The Respondent appeared in person.
Judgment
Lord Justice Ward:
This is an estate agent’s claim for their commission on the sale of property, but it is a claim with a difference. Sitting in the Luton County Court, Deputy District Judge Simmons dismissed the claim for commission on 16 December last year. He also dismissed a counterclaim by the defendant, who was the vendor of the property, for damages for distress caused to her by the claimant partnership, Nicholas Prestige Homes.
The claimant appealed, with permission granted by Buxton LJ, limited, however, to an alternative claim made in the particulars of claim for damages for breach of contract, the breach being the continued appointment of other agents who were eventually the effective cause of the sale of this property.

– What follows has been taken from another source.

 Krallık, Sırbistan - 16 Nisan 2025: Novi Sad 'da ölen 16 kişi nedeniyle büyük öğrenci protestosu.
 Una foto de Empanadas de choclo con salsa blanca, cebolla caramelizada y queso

Buxton LJ refused permission to appeal any argument that the claimants were entitled to their commission on a proper application of the jurisprudence, as explained by this court in the well-known case of Foxtons Ltd v Pelkey Bicknell & Another [2008] EWCA Civ 419, [2008] All ER (D) 328 (Apr).
The facts of this case are as follows. This is a property in Bedfordshire which the defendants wished to sell. They had instructed a number of estate agents during 2006 but no buyer had been found. After some discussion they decided they would end the instruction of some of those estate agents and instruct a new agent: the claimants, Nicholas Prestige Homes, a firm of estate agents.

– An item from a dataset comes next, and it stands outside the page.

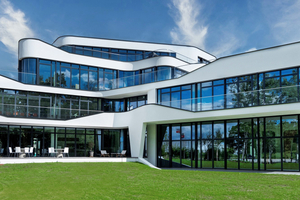  Mit einer außergewöhnlichen Architektur, zukunftsweisendem Energiekonzept und Automatisierungslösungen zählt das LUV8 in Hannover Isernhagen aktuell zu den modernsten Bürogebäuden Deutschlands 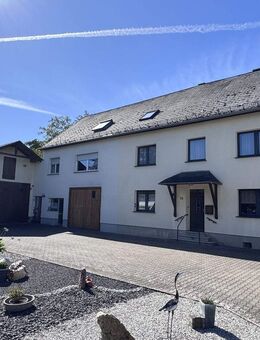 Zweifamilienhaus mit herrlichem Garten, großer Garage und viel Platz in Dommershausen-Dorweiler! - Dommershausen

It seems that Mrs Neal, the defendant, contacted Nicholas Prestige Homes to discuss matters relating to the sale, and on 23 November 2006 two employees, Mr Marc Taylor and Miss Sonia Halsall, called at the property and there was a discussion between them about the appointment of Nicholas Prestige Homes.
The next important event is that on 28 November 2006 Nicholas Prestige Homes emailed Mrs Neal at her place of employment, and that email is important. It is sent from Marc Taylor to Mrs Neal -- I think under her maiden name -- at her place of employment, the subject matter being “Melford House”, the property with which we are concerned.
At the top of the email it records that there are attachments, and they are identified as an Agency Agreement Melford Sole Document and an Agency Agreement Melford Multi Document. In fact, those two standard documents are Nicholas Prestige Homes Multiple Agency Agreement which, according to its terms, would have entitled them to pay commission if, at any time, contracts for the sale of the property are exchanged with a buyer introduced to the property by Nicholas Prestige Homes in any way during the period of their agency.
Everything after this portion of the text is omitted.